The justices, making no comment, today left intact a federal appeals court decision that said AT&T Inc., Verizon Communications Inc. and Sprint Nextel Corp. were immune from suit under a 2008 law and a decision made that year by then-President George W. Bush’s administration.
Privacy advocates sought billions of dollars in damages for what they described in their Supreme Court appeal as “a massive, unlawful program of electronic surveillance, intercepting and disclosing to the government both the communications and the communications records of millions of their customers.”
The high court rebuff doesn’t affect separate claims being pressed by some of the same plaintiffs against the government.
The companies and the Obama administration urged the Supreme Court not to take up the case. The companies told the high court that Congress “determined that it was not in the national interest for these or similar cases to proceed.”
Dozens of lawsuits were filed in 2006, after Bush acknowledged the existence of a program designed to intercept terrorist communications.
The 2008 law immunized telecommunications companies if the attorney general certified that they were assisting a government investigation. Bush’s attorney general, Michael Mukasey, then made the certification, and the Justice Department asked to have the claims against the companies dismissed.

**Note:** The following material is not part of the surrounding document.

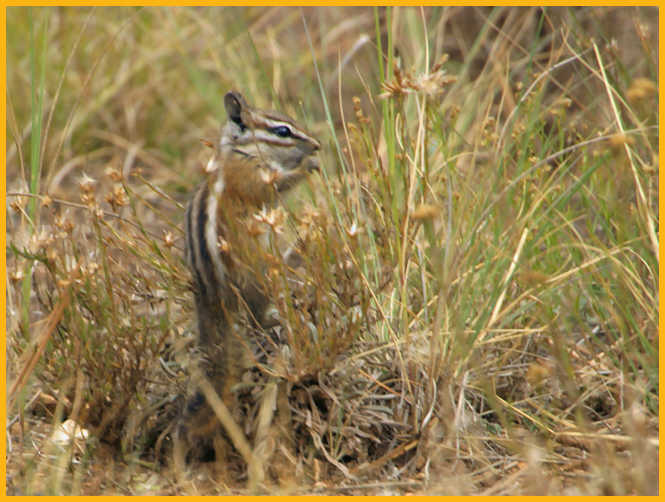 Unita Chipmunk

At the Supreme Court, the privacy advocates argued that the law violated constitutional separation-of-powers principles by giving the attorney general the authority to decide whether the measure applies.
A San Francisco-based federal appeals court rejected those arguments when it threw out the claims against the telecommunications companies in December.
Justice Samuel Alito didn’t take part in the court’s consideration of the appeal. He didn’t give any reason.
The case is Hepting v. AT&T, 11-1200.